In fact, if one was perceptive they would see that only a few of the major wars of the last century have been wars over bare-faced greed and hatred: almost all of them have been wars of doctrine. And this with good reason! For the doctrines of one people raised them to great humanitarian heights - while the doctrines of others caused them to devalue human life, to use and abuse people, to imprison and exterminate, to commit genocide and crimes against humanity.
Hitler was a mighty military genius: but without his propaganda - that is, without his ability to convert people to his way of thinking, to his doctrine - he would have been powerless.
How can anyone say that doctrines are unimportant? Anyone with sense could see that doctrines are the rudders which steers the mighty ships of our turbulent earth.
PLACING EXPERIENCE BEFORE DOCTRINE IS KNOWN COMMONLY AS 'FLYING BY THE SEAT OF YOUR PANTS'
We know people who act without first thinking. In common language we say they, "live by the seat of their pants." The Bible calls these people fools. A wise man looks ahead and avoids the pit: the fool stumbles right into it.
No one values this. No one with any sense lives like this: not in marriage, not in finances, not in careers, not in any aspect of life, in fact, except in this one thing, in religion. But if religion is the most important aspect of life - that is, it is that one aspect of belief, from which all other beliefs flow - then why are people cavalier about this aspect of their belief? Should religion not be themost important, and therefore the most studied, most contemplated, most thoroughly accurate portion of our belief system?

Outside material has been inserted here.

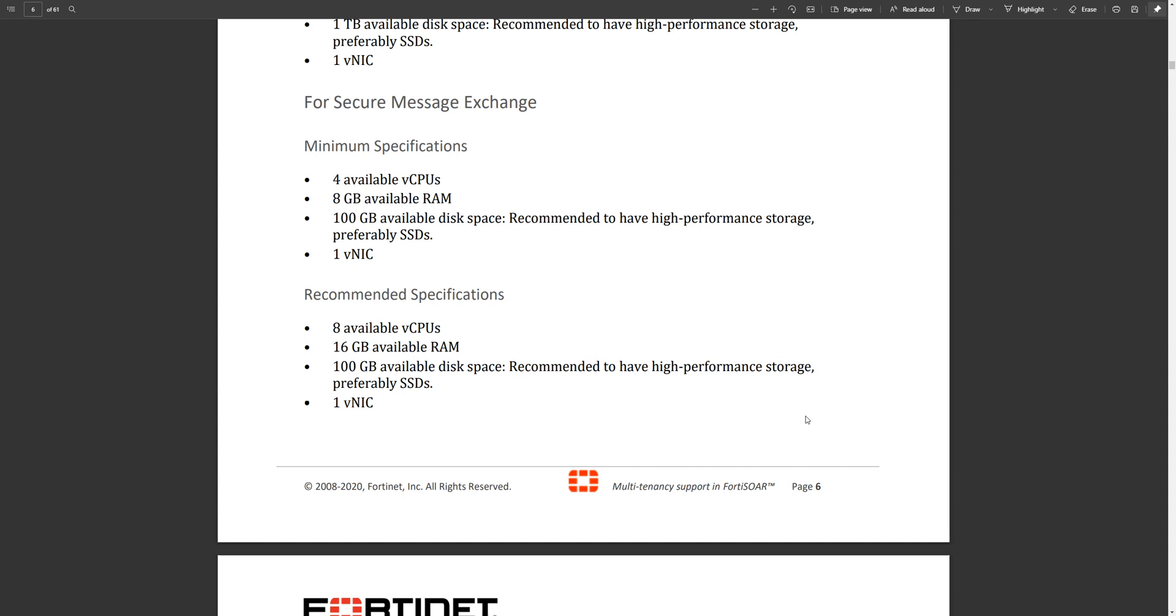Today we will see how to install and deploy a FortiSOAR secure message exchange. This is a message router which is used to link the tenants, the remote tenants, whether it's an agent or a proper remote FortiSOAR regional SOC or a dedicated tenant instance and the main instance in the data center.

PARENTS PUT RIGHT THOUGHT BEFORE LIFE EXPERIENCE
Let us put the large words aside - or, rather, boil them down to more common and manageable words. By "doctrines," we mean things that Christians think about God and life. By experience, we mean daily life. Now tell me - which do you expect to come first for your children? Do you tell your two-three-and-twelve year-olds, "go, my children - experience the world! Learn for yourselves what is right and wrong!" Of course not. That is just silly. As parents, we have a wealth of information to pass on to our children. Our intention is not (usually/hopefully) to control them or stifle their growth. Rather, we hope to set them on a firm foundation of learning and of sound living. Before our children are in their teens, we expect them to be acquainted with literally millenia of accumulated human knowledge and lessons. We also expect them to have a strong sense of morality - treating others with fairness and compassion. In short, we teach our children what/how to think in orderthat they may have long, happy and prosperous lives. We do not expect them to experience the world with an empty head, then come back to us and tell uswhat to think about it. Of course, this does happen - and broken-hearted parents beat on the doors of heaven, crying out for their children to be quickly delivered from the arrogant self-sufficiency of adolescence.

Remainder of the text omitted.